If you want to have a good holiday where you also experience a lot, Nepal is definitely an obvious choice. A holiday to Nepal offers beautiful nature, lots of culture and much more.
A for Arun and Annapurna
The first letter of the alphabet offers exciting places in the Himalayas, but most famous is without a doubt the Annapurna Himal located in Central Nepal, which is one of the most powerful mountain ranges in the Himalayas. It stretches over 40-50 km with an almost constant altitude of over 6,000 meters. The Annapurna chain very effectively stops the monsoon winds coming from the south. This means a very big difference between the landscapes south and north of the mountain range, where there are lush highland areas to the south and dry, almost barren Tibetan landscapes to the north.
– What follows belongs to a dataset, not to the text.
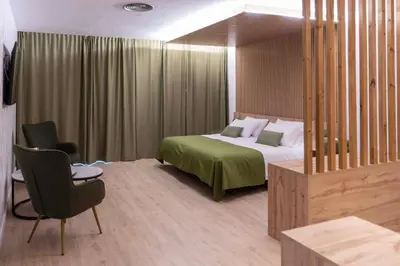 a bedroom with a bed and a chair in a room at Hotel & Restaurante El Casino in Villafranca del Bierzo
B for Brahmin, Flowers, Bhutan, Buddhism, Bridges and Mountaineering
According to shoefrantics, Nepal is perhaps the world’s most famous mountaineering country. Here lies the largest concentration of the world’s highest mountains (7 of the world’s 14 8,000s). Every year a large crowd of hopeful climbers make a pilgrimage to high and sometimes very difficult mountains.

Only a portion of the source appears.